Description: This is a too common annual weed, throughout the United States and Canada, along the roadsides and elsewhere, growing thickly to the height of about ten to fifteen inches. In general habit and appearance, it resembles the garden camomile; but it is more dense, branched, and leafy. Flowers solitary, terminating the branches, disk yellow, ray white; rays standing horizontal during the day, reflexed at night. Involucre hemispherical, imbricated, hairy, July to October. The whole plant has a strong, unpleasant smell; which is very persistent if bruised in the fingers. It imparts its properties to water and alcohol. When green, it is extremely bitter and acrid to the taste; and is rather pungent, even when dried. It has been used in some places for tanning some of the softer leathers.

Properties and Uses: A number of practitioners have assured me that the flowers of the may weed resemble those of the garden camomile; but are stronger, more stimulating, more diaphoretic, and better fitted for sluggish conditions of the stomach and the circulation. Personally, I can not speak of their value; but the practitioners above-named are careful men, and have spoken from their own experience.

The herb as a whole, is extremely acrid when green, and almost excoriating; when dry, it is a rather sharp stimulant. The only uses to which I have known this put, were externally. The green herb, pounded and put in small bags may be boiled in a little water; and the bags then applied as a fomentation in congestions of the abdominal or pelvic viscera, and in rheumatism; or several of them may be placed along the sides of the patient, to secure perspiration. They yield a little volatile and very stimulating oil; and this in connection with the vapor, makes this appliance quite a powerful one, when a strong determination to the surface is needed.
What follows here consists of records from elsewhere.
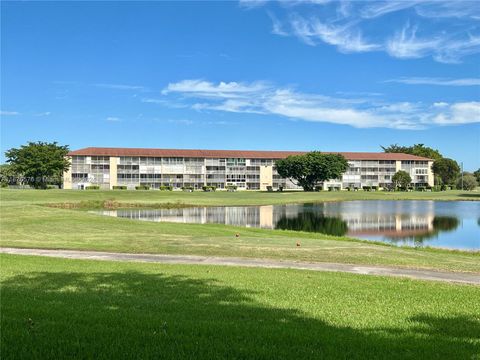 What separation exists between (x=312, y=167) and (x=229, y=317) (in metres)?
126

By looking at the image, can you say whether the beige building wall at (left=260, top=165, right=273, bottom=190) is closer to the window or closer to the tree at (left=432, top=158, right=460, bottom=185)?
the window

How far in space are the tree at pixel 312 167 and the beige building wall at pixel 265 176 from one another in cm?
2094

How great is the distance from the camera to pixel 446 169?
169875mm

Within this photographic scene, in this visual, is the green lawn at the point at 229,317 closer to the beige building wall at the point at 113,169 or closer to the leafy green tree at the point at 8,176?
the beige building wall at the point at 113,169

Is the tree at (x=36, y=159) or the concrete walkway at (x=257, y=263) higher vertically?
the tree at (x=36, y=159)

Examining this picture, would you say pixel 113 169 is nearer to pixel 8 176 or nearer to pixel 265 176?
pixel 265 176

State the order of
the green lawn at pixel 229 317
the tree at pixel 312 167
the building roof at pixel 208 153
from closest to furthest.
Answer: the green lawn at pixel 229 317, the tree at pixel 312 167, the building roof at pixel 208 153

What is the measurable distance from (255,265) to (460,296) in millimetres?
7469

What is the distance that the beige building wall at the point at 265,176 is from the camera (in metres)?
159

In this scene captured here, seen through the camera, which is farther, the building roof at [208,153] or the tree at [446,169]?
the tree at [446,169]

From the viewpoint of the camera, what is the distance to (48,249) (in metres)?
20.9

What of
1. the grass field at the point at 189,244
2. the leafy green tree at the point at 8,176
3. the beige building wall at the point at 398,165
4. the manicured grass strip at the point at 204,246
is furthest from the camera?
the beige building wall at the point at 398,165

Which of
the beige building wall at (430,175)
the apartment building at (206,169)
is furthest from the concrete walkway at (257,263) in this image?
the beige building wall at (430,175)

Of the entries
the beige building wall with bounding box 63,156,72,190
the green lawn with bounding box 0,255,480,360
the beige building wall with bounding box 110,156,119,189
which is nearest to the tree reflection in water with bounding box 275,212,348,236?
the green lawn with bounding box 0,255,480,360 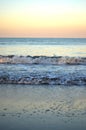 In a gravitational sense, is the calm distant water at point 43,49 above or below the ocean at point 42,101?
above

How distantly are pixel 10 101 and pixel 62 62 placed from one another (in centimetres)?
1102

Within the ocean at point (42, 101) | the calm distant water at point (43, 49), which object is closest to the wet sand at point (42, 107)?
the ocean at point (42, 101)

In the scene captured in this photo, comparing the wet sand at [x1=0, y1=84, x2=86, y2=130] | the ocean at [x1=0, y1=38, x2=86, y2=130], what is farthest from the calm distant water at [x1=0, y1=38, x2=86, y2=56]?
the wet sand at [x1=0, y1=84, x2=86, y2=130]

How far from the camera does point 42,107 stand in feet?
22.5

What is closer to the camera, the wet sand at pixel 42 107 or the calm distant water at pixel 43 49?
the wet sand at pixel 42 107

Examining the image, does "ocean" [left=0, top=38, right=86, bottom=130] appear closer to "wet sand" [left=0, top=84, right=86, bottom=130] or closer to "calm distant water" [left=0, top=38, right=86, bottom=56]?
"wet sand" [left=0, top=84, right=86, bottom=130]

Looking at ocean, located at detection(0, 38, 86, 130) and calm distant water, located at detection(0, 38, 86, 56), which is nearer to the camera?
ocean, located at detection(0, 38, 86, 130)

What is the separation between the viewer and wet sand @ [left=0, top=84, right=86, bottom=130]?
5738 millimetres

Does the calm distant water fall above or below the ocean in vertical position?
above

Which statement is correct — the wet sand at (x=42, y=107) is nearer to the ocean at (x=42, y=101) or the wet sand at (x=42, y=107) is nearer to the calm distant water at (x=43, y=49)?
the ocean at (x=42, y=101)

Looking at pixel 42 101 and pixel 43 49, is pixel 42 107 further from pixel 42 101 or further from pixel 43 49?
pixel 43 49

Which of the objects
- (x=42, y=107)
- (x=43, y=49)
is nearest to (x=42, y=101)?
(x=42, y=107)

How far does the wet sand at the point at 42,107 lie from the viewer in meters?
5.74

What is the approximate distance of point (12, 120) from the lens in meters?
5.94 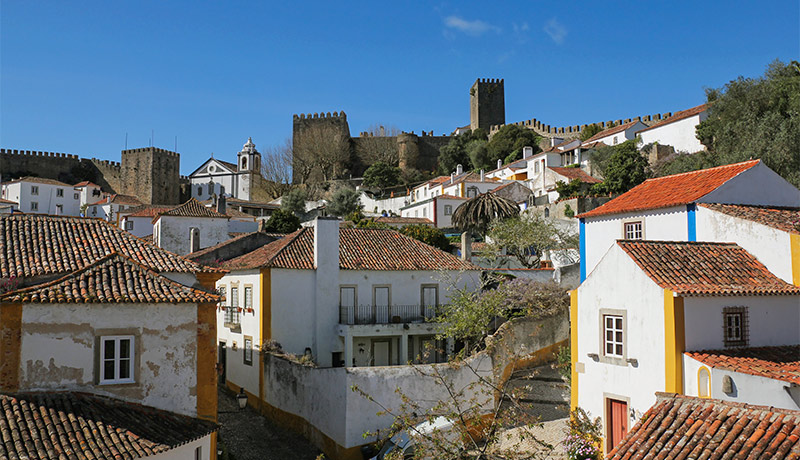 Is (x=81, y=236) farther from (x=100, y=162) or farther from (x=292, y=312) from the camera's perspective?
(x=100, y=162)

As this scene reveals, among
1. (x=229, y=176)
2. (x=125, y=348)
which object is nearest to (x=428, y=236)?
(x=125, y=348)

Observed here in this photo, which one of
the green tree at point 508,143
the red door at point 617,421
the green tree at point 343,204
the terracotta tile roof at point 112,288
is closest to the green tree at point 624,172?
the green tree at point 343,204

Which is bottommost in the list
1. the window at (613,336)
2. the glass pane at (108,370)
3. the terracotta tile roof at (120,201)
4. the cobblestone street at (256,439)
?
the cobblestone street at (256,439)

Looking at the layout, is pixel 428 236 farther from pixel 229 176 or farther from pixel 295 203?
pixel 229 176

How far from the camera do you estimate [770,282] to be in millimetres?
15531

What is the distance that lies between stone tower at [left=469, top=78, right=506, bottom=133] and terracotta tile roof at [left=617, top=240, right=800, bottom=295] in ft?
258

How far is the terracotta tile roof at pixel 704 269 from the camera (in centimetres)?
1445

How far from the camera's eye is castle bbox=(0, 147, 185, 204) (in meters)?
78.8

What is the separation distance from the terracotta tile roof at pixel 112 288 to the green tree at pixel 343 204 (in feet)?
144

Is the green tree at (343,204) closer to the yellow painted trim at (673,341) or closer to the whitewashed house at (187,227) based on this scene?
the whitewashed house at (187,227)

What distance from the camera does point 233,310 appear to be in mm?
25766

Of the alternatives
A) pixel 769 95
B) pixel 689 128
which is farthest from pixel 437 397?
pixel 689 128

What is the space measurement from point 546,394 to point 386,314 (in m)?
7.56

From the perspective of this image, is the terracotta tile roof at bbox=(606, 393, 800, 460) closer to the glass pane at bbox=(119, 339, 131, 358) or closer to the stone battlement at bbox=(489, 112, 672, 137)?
the glass pane at bbox=(119, 339, 131, 358) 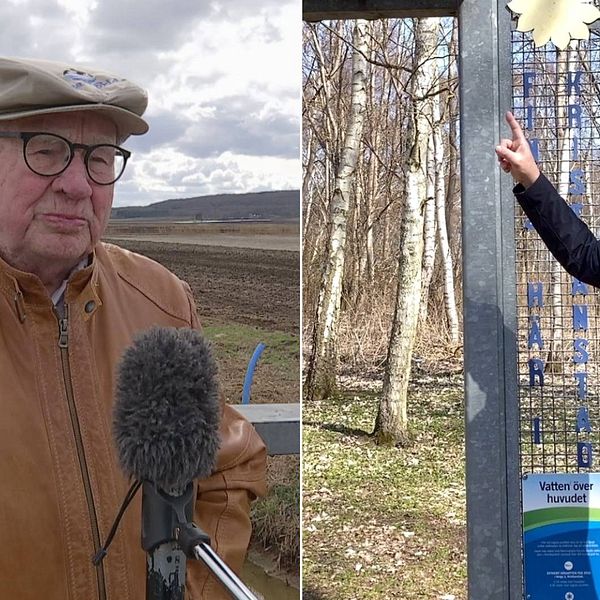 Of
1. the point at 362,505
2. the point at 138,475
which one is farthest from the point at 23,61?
the point at 362,505

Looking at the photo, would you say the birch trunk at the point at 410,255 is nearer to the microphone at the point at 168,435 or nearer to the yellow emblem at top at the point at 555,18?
the yellow emblem at top at the point at 555,18

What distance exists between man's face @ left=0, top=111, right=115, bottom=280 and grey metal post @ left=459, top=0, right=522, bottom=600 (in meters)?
0.71

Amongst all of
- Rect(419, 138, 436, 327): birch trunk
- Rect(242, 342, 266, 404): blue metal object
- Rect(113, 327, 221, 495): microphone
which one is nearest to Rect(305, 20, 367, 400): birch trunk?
Rect(419, 138, 436, 327): birch trunk

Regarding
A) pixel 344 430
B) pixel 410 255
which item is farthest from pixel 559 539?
pixel 344 430

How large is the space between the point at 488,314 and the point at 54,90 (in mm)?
841

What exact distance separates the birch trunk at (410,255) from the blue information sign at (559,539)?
3668mm

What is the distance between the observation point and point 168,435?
0.74 meters

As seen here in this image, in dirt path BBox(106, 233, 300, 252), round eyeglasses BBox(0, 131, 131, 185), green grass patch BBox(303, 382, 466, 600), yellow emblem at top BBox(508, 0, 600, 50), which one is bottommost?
green grass patch BBox(303, 382, 466, 600)

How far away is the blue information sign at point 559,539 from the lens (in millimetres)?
1532

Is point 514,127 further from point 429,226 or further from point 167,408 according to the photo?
point 429,226

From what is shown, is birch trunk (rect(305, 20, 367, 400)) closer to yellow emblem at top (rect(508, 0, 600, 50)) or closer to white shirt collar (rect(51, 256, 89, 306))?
yellow emblem at top (rect(508, 0, 600, 50))

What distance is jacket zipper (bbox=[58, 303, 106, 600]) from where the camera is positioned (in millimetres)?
1082

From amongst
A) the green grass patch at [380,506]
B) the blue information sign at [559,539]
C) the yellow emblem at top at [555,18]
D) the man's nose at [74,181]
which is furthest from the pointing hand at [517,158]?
the green grass patch at [380,506]

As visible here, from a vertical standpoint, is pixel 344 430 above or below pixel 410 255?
below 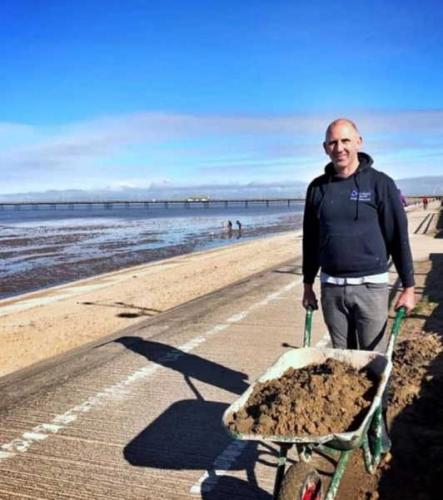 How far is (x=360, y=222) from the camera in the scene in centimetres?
346

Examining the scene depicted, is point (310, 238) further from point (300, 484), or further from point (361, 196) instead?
point (300, 484)

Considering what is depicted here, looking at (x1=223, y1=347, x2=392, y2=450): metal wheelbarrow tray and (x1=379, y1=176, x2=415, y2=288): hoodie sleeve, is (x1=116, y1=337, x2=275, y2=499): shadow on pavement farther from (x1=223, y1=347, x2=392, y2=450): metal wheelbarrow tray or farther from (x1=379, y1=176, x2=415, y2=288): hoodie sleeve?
(x1=379, y1=176, x2=415, y2=288): hoodie sleeve

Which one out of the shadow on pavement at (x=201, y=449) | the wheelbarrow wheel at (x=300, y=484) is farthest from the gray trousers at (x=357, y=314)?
the wheelbarrow wheel at (x=300, y=484)

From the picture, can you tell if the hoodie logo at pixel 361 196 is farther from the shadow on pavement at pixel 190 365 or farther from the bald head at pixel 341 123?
the shadow on pavement at pixel 190 365

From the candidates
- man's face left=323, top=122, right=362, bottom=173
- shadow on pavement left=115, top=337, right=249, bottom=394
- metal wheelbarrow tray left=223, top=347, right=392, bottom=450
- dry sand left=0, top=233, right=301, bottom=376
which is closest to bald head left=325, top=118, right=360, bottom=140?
man's face left=323, top=122, right=362, bottom=173

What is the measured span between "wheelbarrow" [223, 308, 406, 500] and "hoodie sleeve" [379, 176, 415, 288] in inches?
11.2

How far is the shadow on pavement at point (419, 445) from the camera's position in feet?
11.4


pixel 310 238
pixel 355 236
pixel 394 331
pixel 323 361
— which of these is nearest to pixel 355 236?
pixel 355 236

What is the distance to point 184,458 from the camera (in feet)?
12.8

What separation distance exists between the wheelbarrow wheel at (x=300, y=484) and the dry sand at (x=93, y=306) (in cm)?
494

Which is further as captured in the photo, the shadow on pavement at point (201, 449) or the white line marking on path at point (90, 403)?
the white line marking on path at point (90, 403)

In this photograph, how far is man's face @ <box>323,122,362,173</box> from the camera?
10.9 feet

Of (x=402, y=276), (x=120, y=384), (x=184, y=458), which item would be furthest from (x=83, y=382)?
(x=402, y=276)

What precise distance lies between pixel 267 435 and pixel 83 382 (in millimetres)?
3256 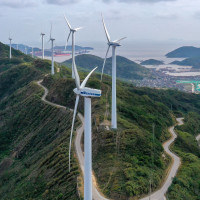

The dried herb, similarly managed, I have known to be applied to old and very indolent ulcers; where it aroused strong local action, secured the sloughing of degenerate parts, and put the surface in a condition favorable to healing. Probably the agent deserves more attention than it has yet received; but the stimulating qualities of even the flowers should be borne in mind, when using it. Dr. Horton Howard speaks of the article in very warm terms; especially of the flowers in colds and rheumatism. They are used in warm infusion, much as the garden camomile.